Are you sure the sign didn't also say anything else? Can you just double check for us newspaper article?
The sign also read, "Death to Michelle and her two stupid kids," referring to the first name of President Barack Obama's wife, said Washington County Sheriff's Capt. Peter Lazich.
But Michelle who? I just can't quite get a handle on exactly what type of person this guy is. Hmmm…
I don't know about you, but I was just about to go into full-on panick mode. I was all like, Where are President Obama and his two adorable daughters going to eat their frozen yogurt or shaved ice or whatever that stuff is this summer if they cannot settle on which mansion to stay in on an island I'll never visit?
But, luckily, HuffPo was all over that shit with a front page headline the nanosecond that the crisis was averted.
Bo the Dog hasn't even made it past his confirmation hearings yet, and he's already ensconced in scandal!

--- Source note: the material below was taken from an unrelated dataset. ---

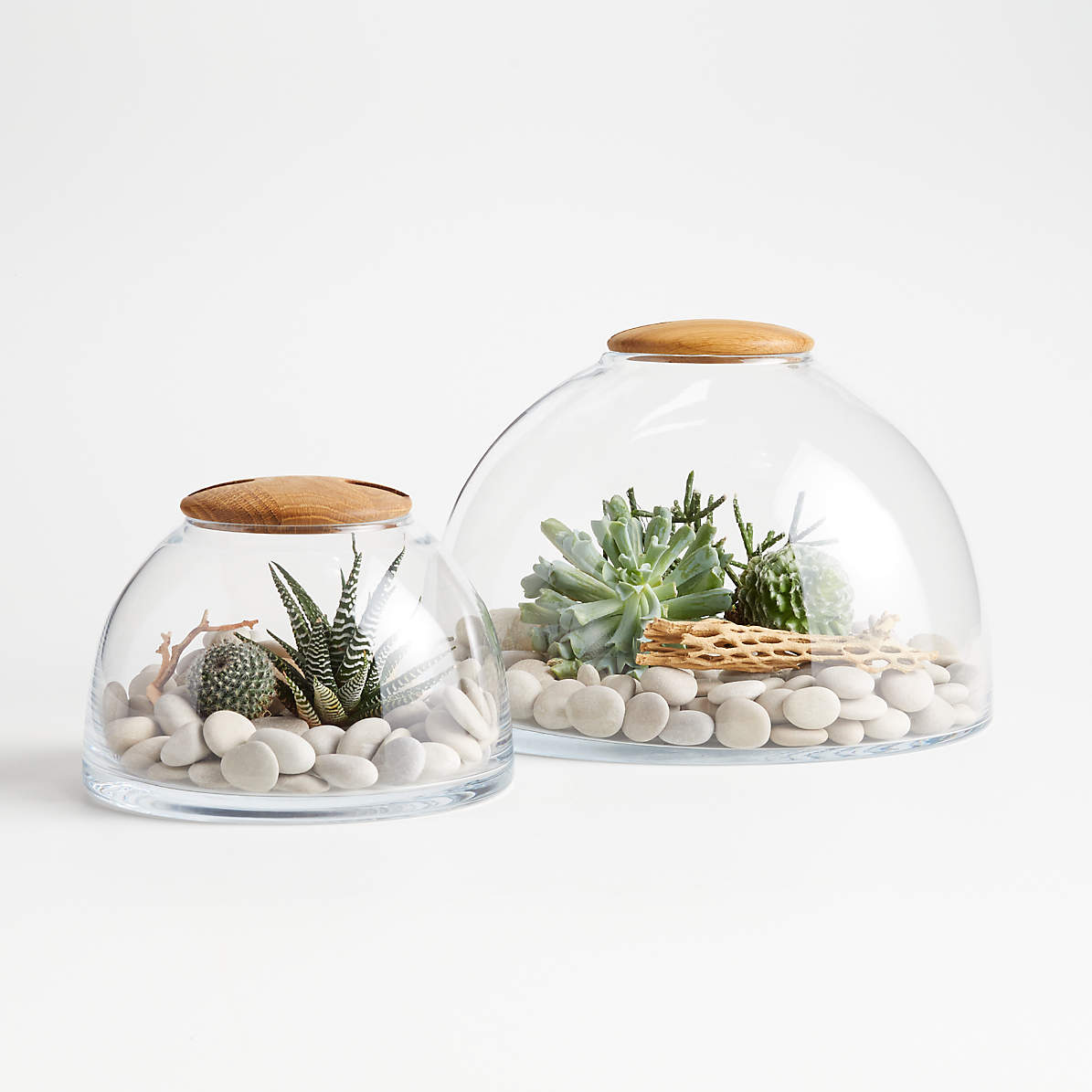 Terrarium Pokok.Asia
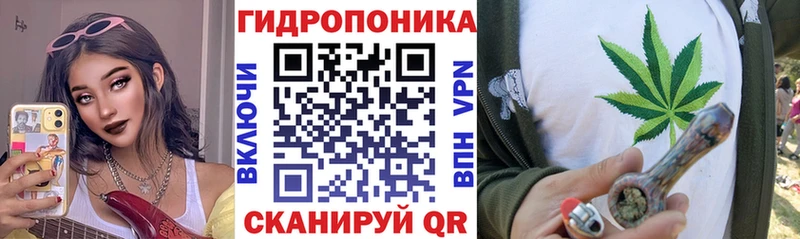Шишки марихуана планчик  купить наркоту  Североморск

Barack Obama and his wife Michelle… repeatedly said they wanted it to be a rescued dog such as one from a shelter… Enter Bo, a 6-month-old puppy given up by his first owner and matched with the Obamas through his breeders.
Because he was given up by his first owner as a poor fit and is now with his second owners, the Obamas, but never spent time in a shelter or with a rescue group, Bo is a "quasi-rescue dog," says Wayne Pacelle, chief executive of The Humane Society of the United States…
Conspiracy buffs might speculate that Bo was meant for the Obamas all along. Was his adoption by the Obamas engineered to look like a rescue — or at least blur the line to head off criticism that the Obamas had picked a purebred from a breeder?
"I would have to refer that one to Bob Woodward and Carl Bernstein," said Larry Sabato, director of the University of Virginia Center for Politics, referring to the Washington Post reporters of Watergate fame. "It's possible, but there's no way to prove it unless one of the principals talks, and I don't think anyone would care anyway."
The good people of the United States finally have a First Dog again!
That Bo's a handsome dog, huh? And from the Kennedy lineage? That's oddly fitting. Although, it's somewhat disconcerting to know that even our pets have to come from the proper political dynasty. (I'm sure that, in 2013, President Palin's family will be given a Great Dane that was second cousins to a Reagan or something.)
Of course, in a situation like this, there's only one person whose opinion really matters. And, obviously, I'm talking about Newt Gingrich. Obviously…
"I hope that the girls love the dog," Gingrich said on ABC's This Week. "I hope the family — and all the pressure they're going to be in — finds it useful. And I think that this whole thing is fairly stupid."
The Obama girls better keep that confarned dog off Ol' Man Gingrich's lawn if they know what's good for 'em.
[Yesterday] afternoon at a planting event at the White House vegetable garden, CBS News’ Mark Knoller asked First Lady Michelle Obama when the newest member of the family would arrive at 1600 Pennsylvania Avenue.
"Soon!" Mrs. Obama said.
The always-tenacious Knoller followed up: "How soon?"
"Sooon!" the first lady said.
I'm sorry, but "sooon" isn't sooon enough for me. I — personally, as an American — need for Sasha and Malia Obama to get their new little dog sooooooooooon. (I was gonna say, "soooooooooooooooooooooooon," but I didn't want to seem unreasonable.)
This country has been asked to endure a lot these past couple months. Record unemployment rates. Money taken out of our paychecks and slipped into the bonus envelopes of Wall Street bankers. Fucking pirates attacking us at sea! Come on! Is it to much to ask for the President to just make good on his promise to us to make good on his promise to his daughters?!
You know what? I don't even need it to be a First Dog anymore. I'll take a First Cat. Or a First Ferret. Hell, I'll take a First Turtle. Anything!
Anything that'll make us forget — for a few minutes — how pooooooor we are.